# [Collected material]
- - - - -
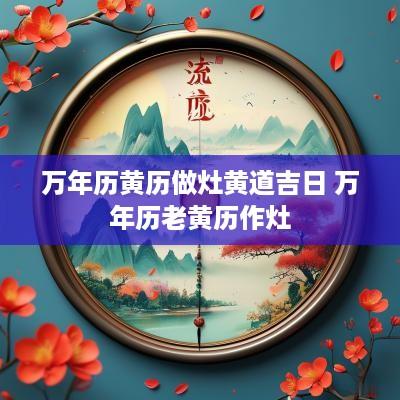 万年历黄历做灶黄道吉日 万年历老黄历作灶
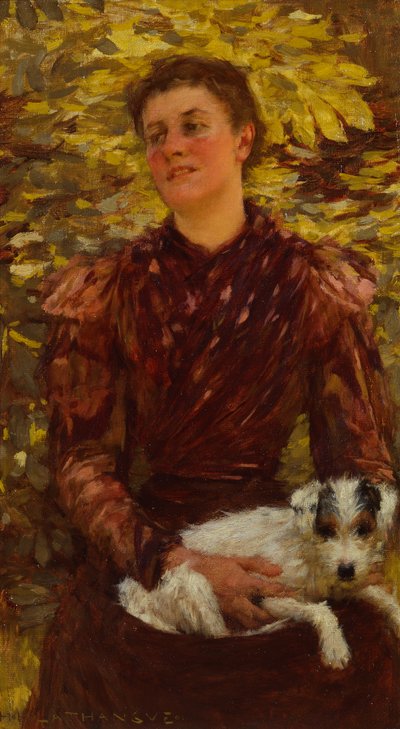Ung pige med en hund (olie på lærred) af Henry Herbert La Thangue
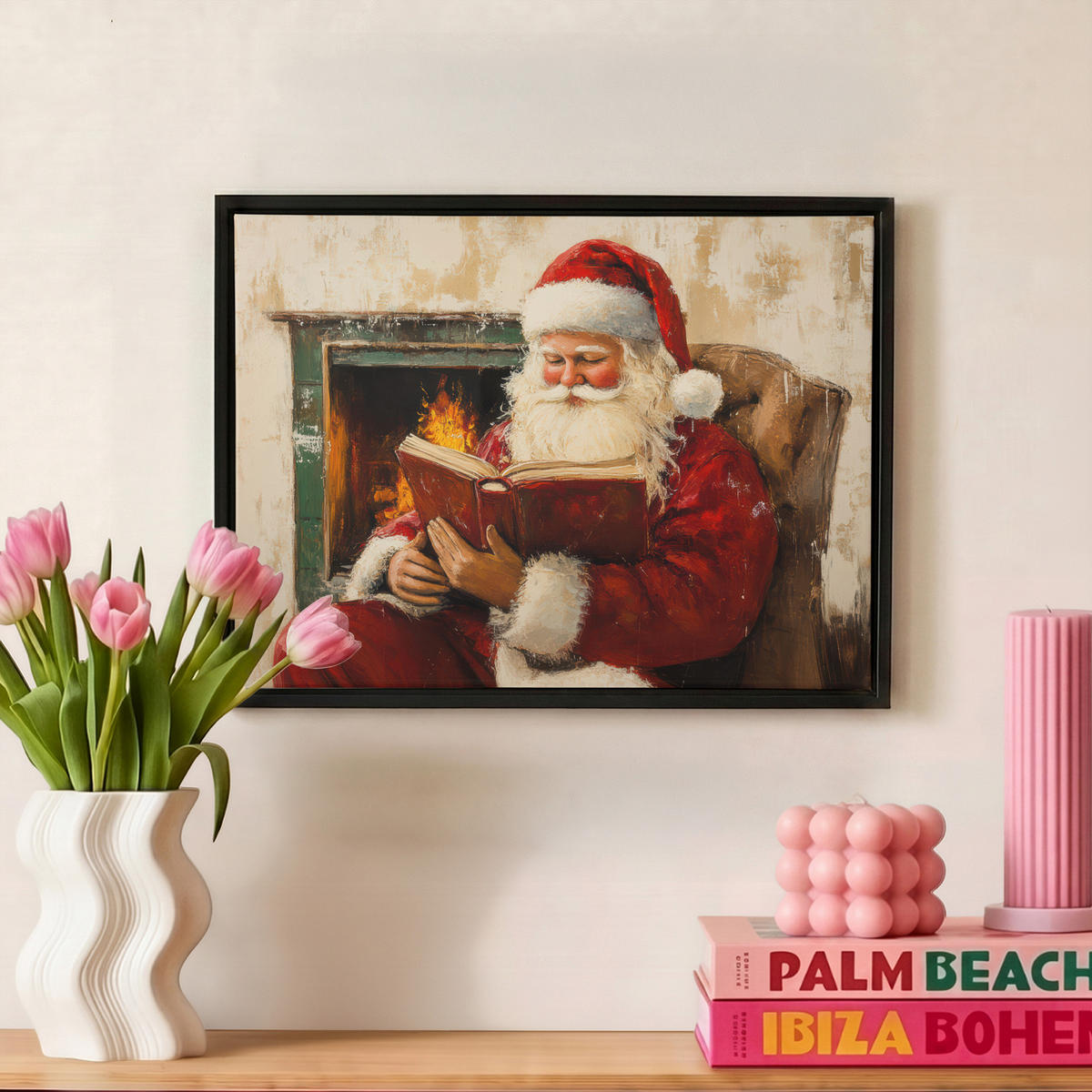 LEINWAND Bilder mit Rahmen - Weihnachten - Weihnachtsmann - Winter - Open Fireside - 40x30 - Dunkelrot, Textil (40/30cm) - MuchoWow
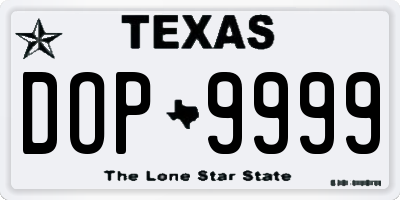 TX license plate DOP9999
- - - - -
# [What this task involves]
Leaving out the images, repeat the listing above exactly.

# [Task answer]
 万年历黄历做灶黄道吉日 万年历老黄历作灶
Ung pige med en hund (olie på lærred) af Henry Herbert La Thangue
 LEINWAND Bilder mit Rahmen - Weihnachten - Weihnachtsmann - Winter - Open Fireside - 40x30 - Dunkelrot, Textil (40/30cm) - MuchoWow
 TX license plate DOP9999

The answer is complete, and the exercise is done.